The good news is that robotic welding machines have increased the production of car frames by ten to a thousand times. The bad news is that a defective welder can go undetected because parametric data is not picking it up. So a lot of product can be exposed before a visual inspection detects it. IBM has proven that we can detect a welder malfunction in seconds and stop the welder for corrective actions.
Smart Industry: What are machines communicating when they are "talking" to us?
Nancy: Machines are telling you one of three things.
- All is okay, and everything is running well.
- They‘re not running in an optimal condition. They’re not bad enough to shut down but, have the onset of a problem and going to fail in 3-4 days.
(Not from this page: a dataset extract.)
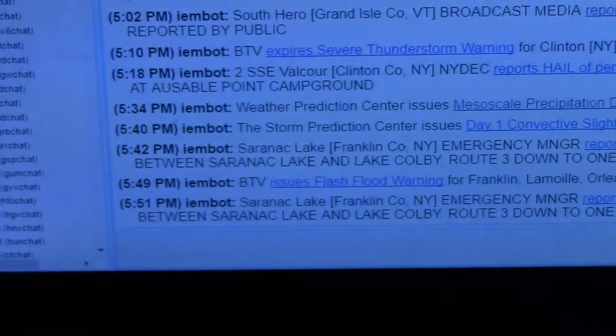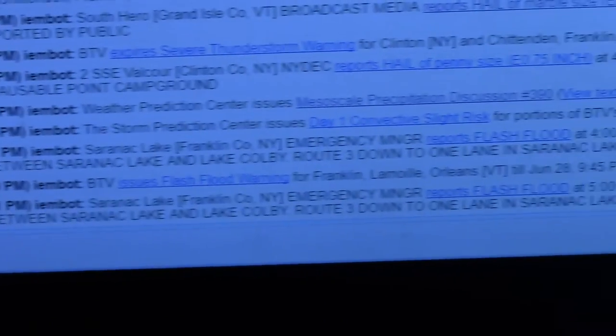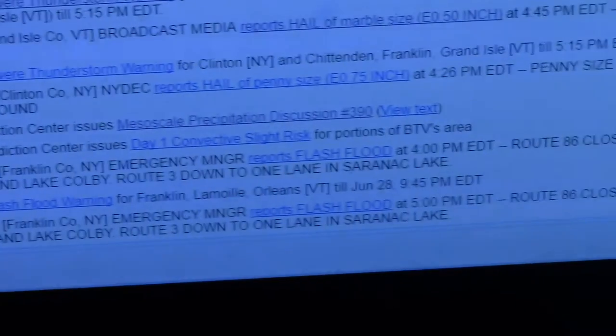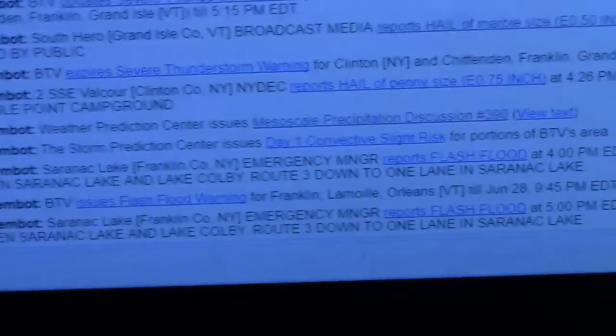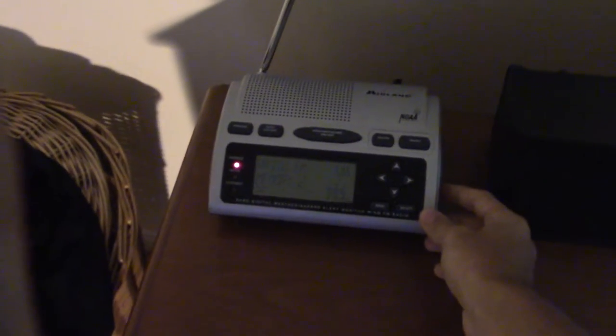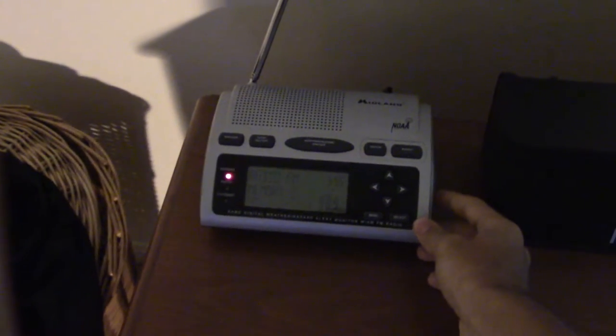The National Weather Service in Burlington has issued a flash flood warning for Northeastern Romano County in Northwestern Vermont, Western Orleans County in Northeastern Vermont, and East Central Franklin County in Northwestern Vermont until 9:45 p.m.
- They need attention now and are malfunctioning in a certain manner. Very shortly, your machine in some way will say, "I am going into failure mode. Pick up these parts and tools. I will finish my current task in three hours, then let’s do the repair." When the technician arrives, the machine will instruct through AR and audible prompts. When the repair is done and the machine is fixed and turned on, it will validate the repair and indicate, "I'm normal now."
Smart Industry: What are the most common problems detected audibly?
Nancy: Unusual rattles, air leaks, falling products or parts, a part coming loose, or a broken fan or gear on a motor.
Smart Industry: How are you using pattern-recognition machine-learning and artificial-intelligence technology to detect anomalies related to equipment failure?
Nancy: We create a model to define what “normal” is, and attributes of that model can then detect an outlier: a piece of data that is not in the normal distribution of the other data. It can stand out due to several data characteristics, and it can be very nuanced and undetectable by a human. This is where outlier detection techniques come into play. Manufacturing environments are often very noisy. If something falls from an assembly line or from a machine, the event can last less than a second. And while a human may not have detected it, our outlier detection will.
Smart Industry: What is the process of fingerprinting these sounds?
Nancy: Step one: we need to precisely record the sound of interest and label it. The labeling process involves identifying portions of the sound wave. Let's say that you have a one-minute sound clip. Every five seconds, a tap of 500 milliseconds occurs in which a robotic arm hits an object rather than picks it up due to misalignment. This is an onset of a bigger issue and could result in a damaged product. The subject-matter expert will only label the actual tap, not the entire one-minute clip, as robotic-arm misalignment. Otherwise, the model could get confused. We built the capability to do this labeling fairly easily. The next step, which we have automated, involves feature extraction, which determines the characteristic about this sound wave for which we should additionally train. This could be viewed as the fingerprint technique that’s defined by what we are looking at. Accordingly, the final step is to build a specific model trained to recognize these sounds.